Issue (i): Whether disclosure of the proposed sale of the domestic healthcare business to a promoter and other connected persons was permissible on a need to know basis and did not attract penalty.
Analysis: The information concerning the proposed sale was found to be price sensitive information, but the record showed that it was shared only with persons who were already connected with the company or otherwise required to know of the transaction. The promoter was treated as a deemed connected person and was expected to know of the transaction in view of his role and the obligations under the transaction documents. There was no finding of trading or misuse of the information by any of the persons privy to it. On these facts, the disclosure was treated as confined to the need to know category contemplated by the insider trading framework.
Conclusion: The disclosure issue was decided in favour of the appellants and the penalty on this count was held unsustainable.
Issue (ii): Whether failure to close the trading window in relation to the proposed sale justified imposition of penalty under the insider trading code.
Analysis: The trading window was admittedly not closed, but the Tribunal held that the matter had to be viewed in context. The proposed sale was under confidential consideration for months, the information had been kept within a limited circle, no trading was undertaken by the persons aware of the transaction, no pre-clearance requests were received, and there was no evidence of misuse of the unpublished price sensitive information. The Tribunal held that the violation was technical in nature and that penal action was disproportionate in the absence of direct or clinching evidence of insider trading or market abuse.
Conclusion: The trading-window violation issue was decided in favour of the appellants and the penalty was set aside and converted into a warning.

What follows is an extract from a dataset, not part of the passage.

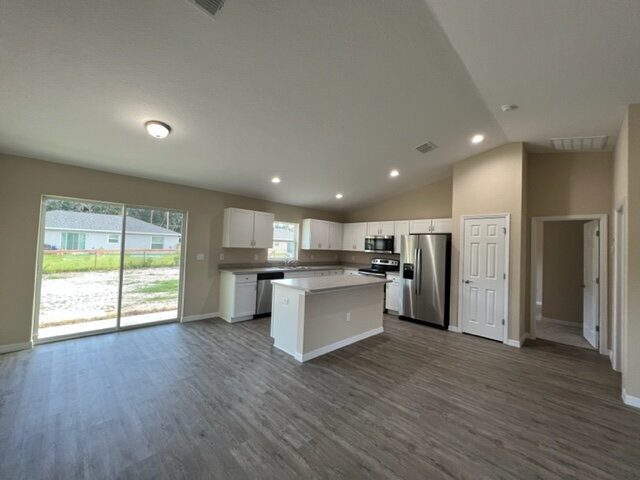 Building Photo - **Beautiful Home for Rent 3 Bd 2Bath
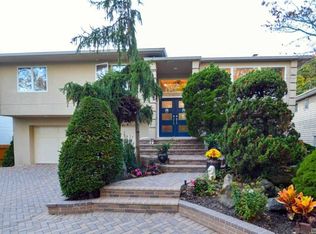 1073 Fordham Ln, Woodmere, NY 11598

Final Conclusion: The impugned penalty order was modified, the appeals were allowed, and the monetary penalties were replaced by a warning with liberty to SEBI to act in accordance with law if a similar incident occurs in future.
Ratio Decidendi: Where price sensitive information is confined to connected persons on a need to know basis and there is no evidence of trading, misuse, or market prejudice, a purely technical lapse in insider-trading compliance may not warrant penal sanction and proportionality must guide the response.